TO DO
An exact, word-for-word copy of the entries is required, beginning at the line that contains "Кошки в Москве: Отдам" and ending at the last line, both included.

LISTED RECORDS

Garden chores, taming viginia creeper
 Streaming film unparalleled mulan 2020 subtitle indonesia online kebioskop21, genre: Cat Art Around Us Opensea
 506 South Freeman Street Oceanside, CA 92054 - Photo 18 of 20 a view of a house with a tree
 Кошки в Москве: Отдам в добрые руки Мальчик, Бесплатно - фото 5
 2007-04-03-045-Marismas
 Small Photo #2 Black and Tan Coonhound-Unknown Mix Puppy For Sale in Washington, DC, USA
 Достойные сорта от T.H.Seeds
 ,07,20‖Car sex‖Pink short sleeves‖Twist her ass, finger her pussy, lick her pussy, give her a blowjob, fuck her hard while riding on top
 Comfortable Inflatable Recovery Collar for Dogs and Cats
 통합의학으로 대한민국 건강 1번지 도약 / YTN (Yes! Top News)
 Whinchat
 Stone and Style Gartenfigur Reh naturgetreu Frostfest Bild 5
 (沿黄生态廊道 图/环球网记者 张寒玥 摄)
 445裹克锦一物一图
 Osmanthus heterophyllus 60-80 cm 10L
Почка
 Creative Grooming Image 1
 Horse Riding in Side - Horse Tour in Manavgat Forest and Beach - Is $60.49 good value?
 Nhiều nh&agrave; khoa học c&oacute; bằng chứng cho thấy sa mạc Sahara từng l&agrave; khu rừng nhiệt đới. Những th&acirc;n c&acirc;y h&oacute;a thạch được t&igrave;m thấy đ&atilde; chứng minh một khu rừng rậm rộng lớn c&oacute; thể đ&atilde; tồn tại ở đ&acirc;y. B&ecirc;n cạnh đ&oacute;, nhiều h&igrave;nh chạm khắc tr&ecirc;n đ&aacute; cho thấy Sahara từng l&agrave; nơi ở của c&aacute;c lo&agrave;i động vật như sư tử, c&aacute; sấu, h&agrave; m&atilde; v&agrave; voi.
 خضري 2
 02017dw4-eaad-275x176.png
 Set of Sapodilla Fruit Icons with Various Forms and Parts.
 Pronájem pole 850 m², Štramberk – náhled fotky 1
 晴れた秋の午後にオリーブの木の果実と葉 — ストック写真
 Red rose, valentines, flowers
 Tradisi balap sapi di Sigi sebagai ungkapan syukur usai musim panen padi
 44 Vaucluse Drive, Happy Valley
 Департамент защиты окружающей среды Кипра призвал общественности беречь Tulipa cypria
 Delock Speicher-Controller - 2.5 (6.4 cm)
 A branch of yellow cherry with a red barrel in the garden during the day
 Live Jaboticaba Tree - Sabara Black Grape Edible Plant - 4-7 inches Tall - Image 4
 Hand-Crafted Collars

WRITTEN SOLUTION
 Кошки в Москве: Отдам в добрые руки Мальчик, Бесплатно - фото 5
 2007-04-03-045-Marismas
 Small Photo #2 Black and Tan Coonhound-Unknown Mix Puppy For Sale in Washington, DC, USA
 Достойные сорта от T.H.Seeds
 ,07,20‖Car sex‖Pink short sleeves‖Twist her ass, finger her pussy, lick her pussy, give her a blowjob, fuck her hard while riding on top
 Comfortable Inflatable Recovery Collar for Dogs and Cats
 통합의학으로 대한민국 건강 1번지 도약 / YTN (Yes! Top News)
 Whinchat
 Stone and Style Gartenfigur Reh naturgetreu Frostfest Bild 5
 (沿黄生态廊道 图/环球网记者 张寒玥 摄)
 445裹克锦一物一图
 Osmanthus heterophyllus 60-80 cm 10L
Почка
 Creative Grooming Image 1
 Horse Riding in Side - Horse Tour in Manavgat Forest and Beach - Is $60.49 good value?
 Nhiều nh&agrave; khoa học c&oacute; bằng chứng cho thấy sa mạc Sahara từng l&agrave; khu rừng nhiệt đới. Những th&acirc;n c&acirc;y h&oacute;a thạch được t&igrave;m thấy đ&atilde; chứng minh một khu rừng rậm rộng lớn c&oacute; thể đ&atilde; tồn tại ở đ&acirc;y. B&ecirc;n cạnh đ&oacute;, nhiều h&igrave;nh chạm khắc tr&ecirc;n đ&aacute; cho thấy Sahara từng l&agrave; nơi ở của c&aacute;c lo&agrave;i động vật như sư tử, c&aacute; sấu, h&agrave; m&atilde; v&agrave; voi.
 خضري 2
 02017dw4-eaad-275x176.png
 Set of Sapodilla Fruit Icons with Various Forms and Parts.
 Pronájem pole 850 m², Štramberk – náhled fotky 1
 晴れた秋の午後にオリーブの木の果実と葉 — ストック写真
 Red rose, valentines, flowers
 Tradisi balap sapi di Sigi sebagai ungkapan syukur usai musim panen padi
 44 Vaucluse Drive, Happy Valley
 Департамент защиты окружающей среды Кипра призвал общественности беречь Tulipa cypria
 Delock Speicher-Controller - 2.5 (6.4 cm)
 A branch of yellow cherry with a red barrel in the garden during the day
 Live Jaboticaba Tree - Sabara Black Grape Edible Plant - 4-7 inches Tall - Image 4
 Hand-Crafted Collars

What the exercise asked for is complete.